▶ SOURCE DATA:
━━━━━━
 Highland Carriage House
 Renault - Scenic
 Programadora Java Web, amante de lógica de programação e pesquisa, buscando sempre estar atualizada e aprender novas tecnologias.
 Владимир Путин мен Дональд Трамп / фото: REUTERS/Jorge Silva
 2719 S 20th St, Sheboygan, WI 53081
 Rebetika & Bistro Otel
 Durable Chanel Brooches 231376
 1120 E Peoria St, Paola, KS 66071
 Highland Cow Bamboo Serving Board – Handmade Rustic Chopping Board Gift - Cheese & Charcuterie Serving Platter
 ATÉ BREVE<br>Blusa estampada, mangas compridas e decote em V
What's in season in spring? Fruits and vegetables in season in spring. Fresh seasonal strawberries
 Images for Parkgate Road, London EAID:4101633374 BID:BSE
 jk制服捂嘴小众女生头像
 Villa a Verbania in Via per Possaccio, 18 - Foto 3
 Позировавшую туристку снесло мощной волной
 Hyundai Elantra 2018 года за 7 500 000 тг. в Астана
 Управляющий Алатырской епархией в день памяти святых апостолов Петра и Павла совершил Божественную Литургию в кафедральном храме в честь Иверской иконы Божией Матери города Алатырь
━━━━━━
▶ ASSIGNMENT: Copy out every line in the entries above that holds "Highland".

▶ TASK SOLUTION:
 Highland Carriage House
 Highland Cow Bamboo Serving Board – Handmade Rustic Chopping Board Gift - Cheese & Charcuterie Serving Platter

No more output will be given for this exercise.